▶ **Exercise brief**:
Write out the data below exactly as given, without any of its pictures.

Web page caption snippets
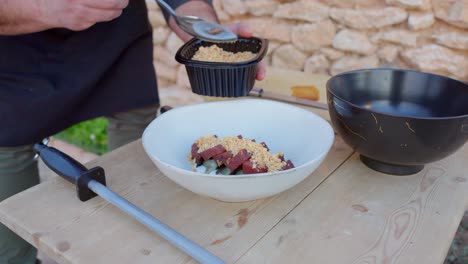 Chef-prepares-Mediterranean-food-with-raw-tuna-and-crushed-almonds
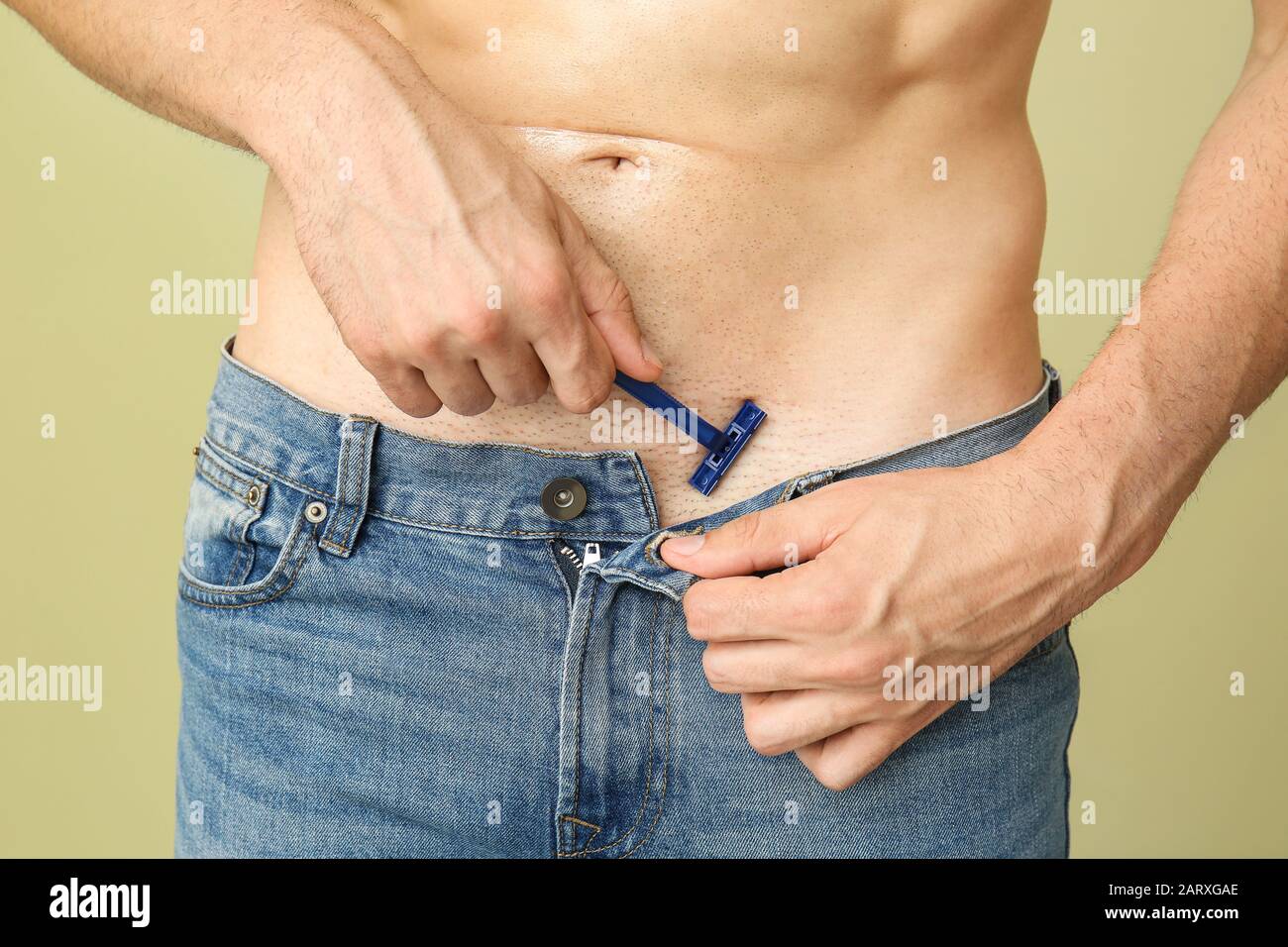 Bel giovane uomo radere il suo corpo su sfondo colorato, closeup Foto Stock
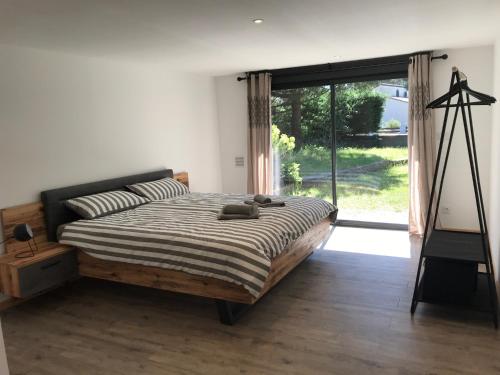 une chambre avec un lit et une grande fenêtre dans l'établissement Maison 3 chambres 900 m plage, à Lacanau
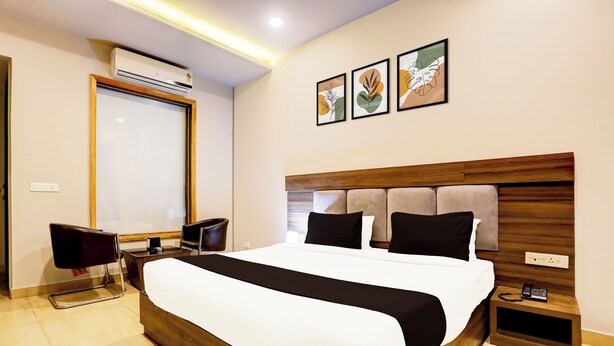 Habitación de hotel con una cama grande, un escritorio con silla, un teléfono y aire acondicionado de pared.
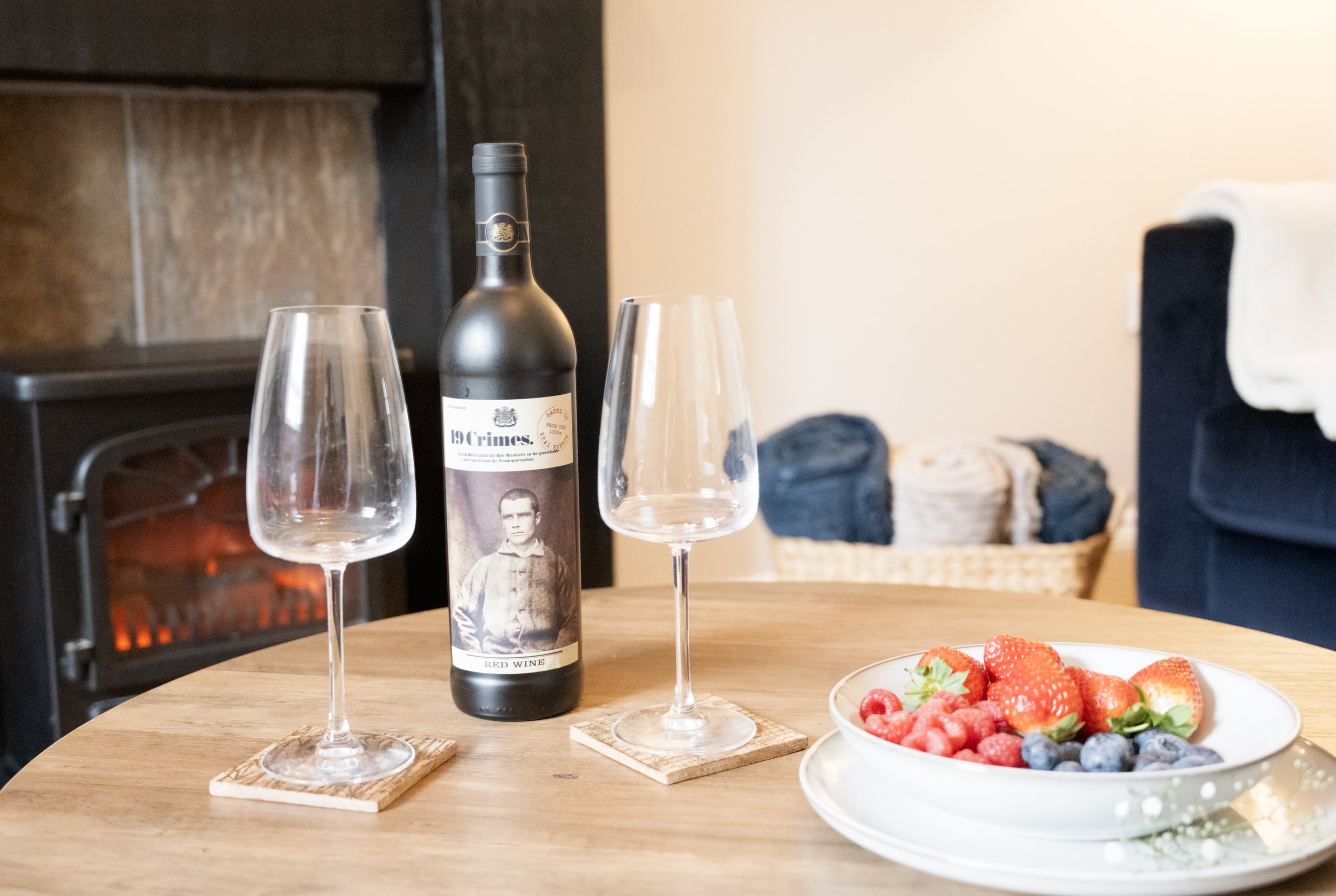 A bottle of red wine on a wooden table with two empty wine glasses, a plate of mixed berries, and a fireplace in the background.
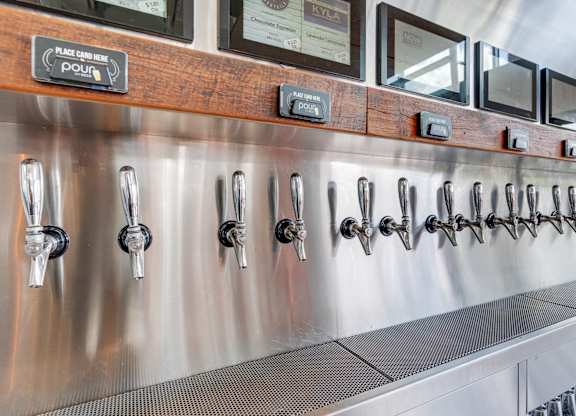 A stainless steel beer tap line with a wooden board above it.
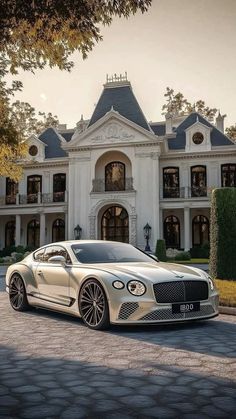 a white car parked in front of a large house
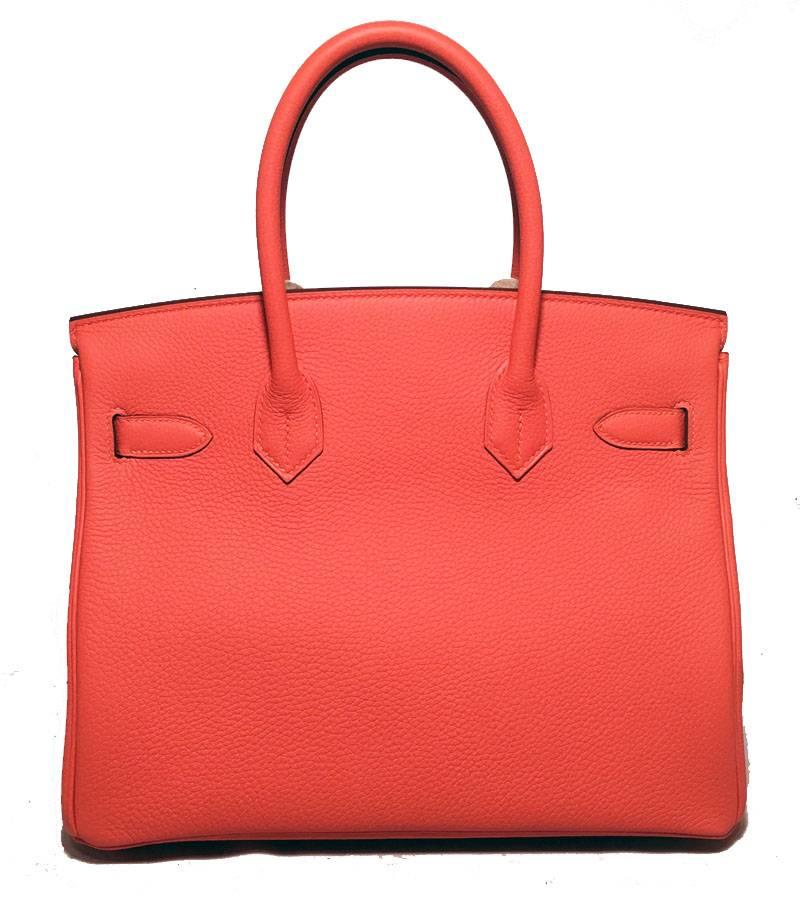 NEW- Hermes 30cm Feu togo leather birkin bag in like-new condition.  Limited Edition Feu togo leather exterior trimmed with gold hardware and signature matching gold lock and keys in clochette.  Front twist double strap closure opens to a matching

▶ **Expected output**:
 Chef-prepares-Mediterranean-food-with-raw-tuna-and-crushed-almonds
 Bel giovane uomo radere il suo corpo su sfondo colorato, closeup Foto Stock
 une chambre avec un lit et une grande fenêtre dans l'établissement Maison 3 chambres 900 m plage, à Lacanau
 Habitación de hotel con una cama grande, un escritorio con silla, un teléfono y aire acondicionado de pared.
 A bottle of red wine on a wooden table with two empty wine glasses, a plate of mixed berries, and a fireplace in the background.
 A stainless steel beer tap line with a wooden board above it.
 a white car parked in front of a large house
 NEW- Hermes 30cm Feu togo leather birkin bag in like-new condition.  Limited Edition Feu togo leather exterior trimmed with gold hardware and signature matching gold lock and keys in clochette.  Front twist double strap closure opens to a matching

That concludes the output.